Я видел все это, а также людей, которые ведут государственные дела, законы и царящие в государстве нравы, и, чем больше я во все это вдумывался и становился старше, тем все более трудной задачей мне стало казаться правильное ведение государственных дел. Без друзей и верных товарищей казалось мне невозможным чего–либо достичь, а найти их, даже если бы они существовали, было не так легко, ведь наше государство уже не жило по обычаям и привычкам наших отцов, найти же других людей так запросто невозможно. Писаные законы и нравы поразительно извратились и пали, так что у меня, вначале исполненного рвением к занятию общественными делами, когда я смотрел на это и видел, как все пошло вразброд, в конце концов потемнело в глазах.

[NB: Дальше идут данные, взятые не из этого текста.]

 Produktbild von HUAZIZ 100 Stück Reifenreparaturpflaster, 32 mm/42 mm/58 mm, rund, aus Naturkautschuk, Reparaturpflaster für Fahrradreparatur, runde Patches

Но я не переставал размышлять, каким путем может произойти улучшение нравов и особенно всего государственного устройства; что же касается моей деятельности, я решил выждать подходящего случая. В конце концов, относительно всех существующих теперь государств я решил, что управляются они плохо, ведь состояние их законодательства почти неизлечимо и ему может помочь разве только какое–то удивительное стечение обстоятельств. И восхваляя подлинную философию, я был принужден сказать, что лишь через нее можно постичь справедливость в отношении как государства, так и частных лиц. Таким образом, человеческий род не избавится от зла до тех пор, пока истинные и правильно мыслящие философы не займут государственные должности или властители в государствах по какому–то божественному определению не станут подлинными философами» [1].
Нельзя сказать, что постановка проблемы в данном письме является чем- то принципиально необычным и отличается от того, что мы видели и до и после эпохи Сократа, породившей вследствие кризиса демократии Платона так же, как и пень срубленного дерева становится площадкой для роста опят. Историческая практика показывает, что определенный морально-психологический шок от проникновения в реально–сущностную, а не благообразно–внешне–приглаженную политику испытали очень многие (если не все) великие люди во все времена и во всех странах.